Finance Oil Co. v. James

109 P.2d 818 | Okla. | 1941

The claimant, James, fell from a boiler on February 19, 1922, while working as a tool dresser for respondent, Finance Oil Company. He claimed compensation for an injury to one of his wrists. On May 16, 1922, he executed a final receipt of compensation for the injury, which recited that his disability terminated April 10, 1922, and acknowledged full settlement and satisfaction for all claims for compensation or damages on account of injuries suffered by reason of the accident. The settlement evidenced by the receipt was approved by the State Industrial Commission. Claimant returned to work in April, 1922, and continued to work in the oil fields until 1937. In 1935 he filed a motion to reopen the case, alleging an injury to his spine. This motion was later dismissed for want of prosecution.

On September 15, 1938, he filed his motion to reopen the case, alleging an injury to his head and spine arising from the fall from the boiler of respondent in 1922. While he testified that the injury to his back and head was known to him at the time he claimed compensation for the wrist injury, and that it bothered him when he returned to work, and that his condition grew worse as time progressed, he made no disclosure thereof at any time, except that he testified that he complained of it to the physician who treated the injury to his wrist. The commission awarded compensation for the injury, and the respondent prosecuted this original proceeding to review the award.

The sole question presented is whether the claim and notice of injury filed with the Industrial Commission in 1922, in which the only injury specified was that to claimant's wrist, is sufficient to confer jurisdiction upon the Industrial Commission to make an award to claimant, upon the motion filed in 1938, for an injury to his head and spine of which he was cognizant at all times after the accident occurred, but of which he gave no notice to the employer, and for which he did not claim compensation, prior to the filing of his first motion to reopen the case in 1935.

This identical question was considered in Barnes v. Indian Territory Illuminating Oil Co., 170 Okla. 520, 41 P.2d 633, and answered in the negative, and we think the conclusion therein reached is sound. There the rule was announced that where a claimant, at the time an award is made for accidental injuries, knows of injuries other than those for which he is being compensated, and exercises his judgment as to the seriousness of such other injuries and neglects to give notice to his employer within one year after the original accident, such claimant should not thereafter be permitted to recover for such undisclosed injuries.

In the instant case the claimant made no mention of the injury to his back or head, except to the physician who attended him. This was not, notice to respondent. Dover Oil Corporation v. Bellmyer, 175 Okla. 19, 52 P.2d 761. He chose to disregard the injury, and made no complaint to respondent in reference thereto, nor did he file any claim for compensation for such injury within the one year allowed by section 13367, O. S. 1931, as amended by section 4, ch. 29, S. L. 1933, 85 O. S. A. § 43. Instead, he waited some thirteen years, when the opportunity of the employer to investigate the injury or take steps to correct or minimize its effect had been effectively prevented or barred, and its insurance carrier had gone out of existence, to assert his claim of total disability. Respondent's contention that the claim was barred by *374 the statute of limitations is conclusively established by the evidence.

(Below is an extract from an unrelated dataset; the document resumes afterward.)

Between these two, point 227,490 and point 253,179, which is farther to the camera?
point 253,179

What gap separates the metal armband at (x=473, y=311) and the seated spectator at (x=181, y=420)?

Claimant contends that the original notice was notice of all injuries sustained by him, and that it then became the duty of the employer to ascertain the nature and extent thereof. In support of this contention he relies upon Gulf Oil Corporation v. Garrison, 183 Okla. 631, 84 P.2d 12, Wolfe v. Carlisle,182 Okla. 463, 78 P.2d 298, and similar decisions. But we do not consider the rule announced in those cases applicable to the facts in the instant case. In those cases the employer, with notice of the injury, made no attempt to furnish medical attention, or to ascertain the extent of the injury. In the present case the claimant received medical attention, and was treated for the injury to his wrist, the only injury which the claimant then asserted he had received, or of which the employer had knowledge. The two injuries were so unrelated in character that a claim for compensation for the one would in no sense impart notice of or include the other.

Reversed, with instructions to vacate the award.

WELCH, C. J., CORN, V. C. J., and GIBSON and DAVISON, JJ., concur.